La condena a Videla resignifica a esta democracia. Es como si la volviera a bautizar. No podía concebirse una democracia con Videla en libertad. Esa carga simbólica se convertía en una carga de dinamita contra la idea de democracia. O de construcción de una democracia verdadera, en un país que casi no tenía experiencias democráticas genuinas. Es difícil de comprobar si, como afirmó Videla, Balbín le pidió el golpe. Pero en esa época, no solamente radicales, sino también peronistas y hasta socialistas y de otras corrientes políticas de izquierda y derecha participaban en las decisiones golpistas. Era una forma de hacer política, desde antes de que existiera la guerrilla. Hasta podría decirse que esa forma de hacer política tuvo mucho que ver con el crecimiento de la guerrilla. Para ser justos habría que decir que también había políticos, como el Alfonsín que llegó a diciembre de 1983, que no habían tenido esos manejos, pero eran una minoría.
En un sistema básicamente hipócrita, la última dictadura militar fue su emergente más ominoso. Se había forjado un camino que llevaba indefectiblemente a ese desenlace. En los demás países de América latina había procesos similares con diferencia de matices. En todos, las Fuerzas Armadas se habían convertido, desde casi principios del siglo XX, en la casta que tutelaba y aprisionaba el juego político. No había ninguna posibilidad de cambio democrático o de gobiernos populares y bajo ese esquema se formaron varias generaciones. Ese también fue un camino casi inexorable. La última generación que se formó bajo ese esquema tomó las armas para romperlo.

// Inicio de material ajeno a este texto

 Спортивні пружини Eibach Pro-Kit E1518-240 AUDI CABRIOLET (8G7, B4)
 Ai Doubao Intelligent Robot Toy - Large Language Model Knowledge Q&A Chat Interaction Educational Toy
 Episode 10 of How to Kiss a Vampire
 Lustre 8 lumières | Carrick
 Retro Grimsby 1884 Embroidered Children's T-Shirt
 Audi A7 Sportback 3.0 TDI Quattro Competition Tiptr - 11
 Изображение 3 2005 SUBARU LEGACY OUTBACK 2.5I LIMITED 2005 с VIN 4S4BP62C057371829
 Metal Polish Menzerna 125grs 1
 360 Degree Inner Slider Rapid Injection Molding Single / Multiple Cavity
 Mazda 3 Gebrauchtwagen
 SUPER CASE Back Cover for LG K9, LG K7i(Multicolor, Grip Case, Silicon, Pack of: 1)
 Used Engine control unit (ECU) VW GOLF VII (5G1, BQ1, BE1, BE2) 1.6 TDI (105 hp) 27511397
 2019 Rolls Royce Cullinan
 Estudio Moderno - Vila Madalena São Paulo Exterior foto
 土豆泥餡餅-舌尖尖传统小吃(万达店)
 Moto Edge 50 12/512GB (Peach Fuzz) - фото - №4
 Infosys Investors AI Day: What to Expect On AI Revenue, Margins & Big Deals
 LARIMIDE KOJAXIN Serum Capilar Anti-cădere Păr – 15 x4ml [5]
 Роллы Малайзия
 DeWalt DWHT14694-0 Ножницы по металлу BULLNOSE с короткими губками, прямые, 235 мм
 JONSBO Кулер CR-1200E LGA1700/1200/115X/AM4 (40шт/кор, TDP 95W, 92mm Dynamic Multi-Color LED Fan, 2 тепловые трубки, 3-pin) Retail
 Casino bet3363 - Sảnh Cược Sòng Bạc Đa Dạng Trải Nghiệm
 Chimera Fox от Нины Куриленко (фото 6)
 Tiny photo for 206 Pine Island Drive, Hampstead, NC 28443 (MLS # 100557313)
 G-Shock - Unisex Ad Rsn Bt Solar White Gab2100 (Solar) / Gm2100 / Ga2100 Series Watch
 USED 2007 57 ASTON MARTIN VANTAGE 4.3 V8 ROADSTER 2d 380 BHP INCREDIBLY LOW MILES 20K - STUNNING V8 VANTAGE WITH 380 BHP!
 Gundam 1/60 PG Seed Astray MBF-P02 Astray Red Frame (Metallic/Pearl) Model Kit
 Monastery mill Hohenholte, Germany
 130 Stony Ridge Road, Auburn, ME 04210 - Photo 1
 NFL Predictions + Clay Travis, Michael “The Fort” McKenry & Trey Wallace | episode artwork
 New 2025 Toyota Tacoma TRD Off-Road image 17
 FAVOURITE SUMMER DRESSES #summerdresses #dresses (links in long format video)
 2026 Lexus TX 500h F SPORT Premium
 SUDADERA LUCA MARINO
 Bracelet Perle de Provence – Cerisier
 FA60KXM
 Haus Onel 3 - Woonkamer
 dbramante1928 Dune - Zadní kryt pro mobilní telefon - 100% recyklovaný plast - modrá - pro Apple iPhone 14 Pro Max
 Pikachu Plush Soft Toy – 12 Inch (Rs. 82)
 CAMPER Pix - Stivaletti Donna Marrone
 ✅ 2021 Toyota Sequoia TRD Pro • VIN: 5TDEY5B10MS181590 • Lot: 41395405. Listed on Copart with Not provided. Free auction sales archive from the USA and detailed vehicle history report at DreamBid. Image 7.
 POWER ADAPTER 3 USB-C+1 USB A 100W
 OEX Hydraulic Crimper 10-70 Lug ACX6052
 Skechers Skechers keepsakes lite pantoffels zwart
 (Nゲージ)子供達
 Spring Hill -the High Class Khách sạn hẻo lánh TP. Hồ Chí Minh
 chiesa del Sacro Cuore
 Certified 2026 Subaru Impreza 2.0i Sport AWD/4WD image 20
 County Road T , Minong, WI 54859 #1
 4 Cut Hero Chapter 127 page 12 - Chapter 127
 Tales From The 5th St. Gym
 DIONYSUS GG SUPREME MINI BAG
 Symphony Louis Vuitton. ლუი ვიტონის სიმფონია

Esta vez hubo generaciones que se han formado durante veinte años bajo el signo de esa carga simbólica, en la que una fuerza inasible y suprademocrática impedía que fueran juzgados los torturadores y violadores de la dictadura. Con la condena a Videla y los demás juicios, estas generaciones pudieron llegar a un desenlace positivo de sus luchas y esperanzas.
Así, con las condenas y los juicios, estas generaciones se constituyen en generaciones de la democracia. Son el escalón que permitirá mejorar lo que hay y lograr una democracia superior. Porque con sus luchas, junto a los organismos de derechos humanos y con la decisión política del ex presidente Néstor Kirchner de anular la legislación de impunidad, ellos pudieron derrotar a esa sombra suprademocrática que hacía que la democracia no lo fuera tanto.
Los presidentes y los políticos que obstaculizaron estos juicios estaban diciendo que la democracia es esencialmente injusta, que los delitos más horribles que se cometen desde el poder no pueden ser juzgados por sociedades democráticas. Esos dirigentes que se rasgaban las vestiduras por la democracia fueron sus peores propagandistas. En el fondo, y al igual que la mayoría de los viejos políticos del siglo pasado, no fueron realmente democráticos y formaron generaciones iguales a ellos o, como la de los ’70, totalmente opuesta.
En este caso, la condena a Videla es mucho más que un hecho judicial. La poderosa carga simbólica que implica se proyecta sobre toda la sociedad como una reivindicación de la democracia, porque se logró en democracia. Y además se materializa como un gran acusador de los que todos estos años trataron de impedirla hipócritamente en nombre de una democracia en la que no creen.